Friendship and Inspiration: What One Camp Counselor Learned from his Campers
By: Noah “Tennessee” Isenstein, Camp Chi Counselor, 18-years-old
As a camper at Camp Chi for seven years, I never had a camper with significant disabilities in my cabin. This summer, however, I had the pleasure of being a counselor for a great group of campers, which included two amazing children who needed one-on-one support to have successful camp experiences.
The first camper, Cody, has been part of the group for many summers. Whether it was singing at Chi’s Got Talent, playing in the pool, or just goofing around at the cabin, Cody always had a smile on his face. His friends in our cabin— and all around camp— absolutely adored him, and always told me how much they wished he stayed for four weeks, rather than for only the two-week session.
My second camper, Josh, was an inspiration to me and all of my campers. Every morning, I came out of the counselor room and found Josh fully dressed and ready to go while his cabin mates were still sleeping. His dedication and perseverance made me reflect on the things that we take for granted every day.

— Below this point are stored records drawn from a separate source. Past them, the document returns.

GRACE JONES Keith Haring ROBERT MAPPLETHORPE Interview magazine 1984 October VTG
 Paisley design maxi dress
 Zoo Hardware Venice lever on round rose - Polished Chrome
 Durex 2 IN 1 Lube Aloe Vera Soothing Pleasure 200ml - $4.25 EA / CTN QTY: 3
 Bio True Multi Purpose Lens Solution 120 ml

My experiences with these campers taught me a lot about patience. Outside of Camp Chi, these children may struggle to adapt to the world around them and miss out on what is happening in the moment. Thankfully, our camp is a different kind of place. Cody and Josh were part of the group and have real friendships with the boys. Their cabin mates were willing to pitch in and help, so that they could enjoy every moment. They provided the necessary assistance – a helping hand here and there goes a long way to build confidence and solidify friendships.
Both of my cabins loved Josh and Cody with all their hearts, and would stop at nothing to make them feel happy and comfortable. Camp Chi has created an environment that not only educates children about special needs, but also encourages kids to interact with children with disabilities in the same way they would act with their typically developing peers.
As a camper, I always looked up to my counselors. This summer, however, my role models were my campers. They opened my eyes to what acceptance, family, team-work and community really means.